Comme la nature et avec elle, la société humaine fait l’objet d’une écologie, d’un écosystème (science du milieu humain) qui s’achève pour la planète en politique intégrale, dans le respect notamment des familles et des nations. Ce n’est pas l’individu mais la cellule familiale qui constitue en effet le noyau fondamental du milieu humain établi sur un modèle organique. La science du milieu humain commence nécessairement par la famille pour aller jusqu’à la société nationale et internationale (famille de familles) en passant par les communautés de travail et de culture liées à l’Histoire.
Une œuvre commune
Chaque lieu communautaire, spécifié par une fonction et un bien commun différents, implique l’expérience d’une coopération en vue d’une œuvre commune pour vivre le mieux possible ensemble. Soit un engagement pratique où l’on n’est pas seul en cause, mais où l’on dépend de la volonté de plusieurs autres, selon la nature et la culture (et donc l’histoire) humaines. Rompre avec les équilibres et l’harmonie de l’« écosystème humain » de la planète par un mondialisme de mauvais aloi que ce soit en termes de biotechnologie, de productivisme ou de déplacements humains, c’est préparer la guerre et le malheur de l’homme.
Vivre selon la nature, pour l’homme créé à l’image de Dieu, c’est vivre selon la raison dans toutes ses dimensions dûment hiérarchisées. Ni tyranniser la nature en absolutisant « la technique et le pouvoir humain », ni l’adorer en se prêtant à « un nouveau panthéisme aux accents néo-païens ». Mais la « domestiquer » respectueusement en poursuivant en quelque sorte l’œuvre et l’ordre de Dieu : « Soyez féconds, multipliez, emplissez la terre et soumettez-la… » (Gn 1, 28). Plus qu’une science, l’écologie (le rapport de l’homme avec son milieu y compris humain) est une sagesse qui redonne à l’homme ses véritables repères, lui réapprend ses limites, sa vraie situation et sa responsabilité à l’égard de la nature et du milieu humain. C’est à la fois une école de contemplation et d’action, qui enseigne avant tout la primauté de la première sur la seconde. C’est une école d’architecture : on y apprend à conjuguer les dimensions humaines aux dimensions naturelles et divines, l’utile et le beau, l’utile et le bien, la quantité et la qualité au service de la finalité temporelle et spirituelle de l’homme. Elle démontre comment la main de l’homme peut transformer la matière sans déparer la nature, lorsqu’elle suit la main de Dieu.
Une crise morale
Entre les mythes réactualisés du bon sauvage et de Prométhée, il y a la place pour une politique écologique raisonnable. Entre la loi de la jungle et la Babel moderne du métissage obligatoire, entre la barbarie primitive et celle moderne « à visage transhumain », se tient la culture, les mœurs et les vertus chrétiennes auxquelles appelait le pape Benoît XVI avant le pape François dans une profonde révision de vie commune parce que la crise écologique est avant tout une crise morale et métaphysique.

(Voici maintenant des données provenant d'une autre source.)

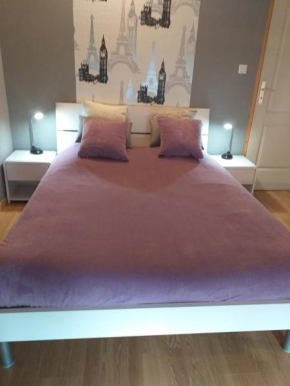 Hotels in Raincourt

L’urgence d’une solidarité inter- et intragénérationnelle qui se déploie dans l’espace et le temps, conformément au principe de la destination universelle des biens, ne peut se faire n’importe comment, selon le message de nos deux derniers papes. Lequel message fait irrésistiblement penser à Saint-Exupéry : « Nous ne recevons pas la terre de nos parents, nous l’empruntons à nos enfants. » Nous devons nous considérer comme débiteurs insolvables non seulement vis-à-vis de nos ancêtres mais aussi vis-à-vis des générations futures. Ainsi en va-t-il de tout patrimoine, qu’il soit naturel ou humain, de tout bien qu’il soit commun ou particulier, qui nous sont confiés comme aux intendants de la parabole, dont il dépend de faire progresser ou non le monde qui les entoure, selon les lois de la nature (humaine).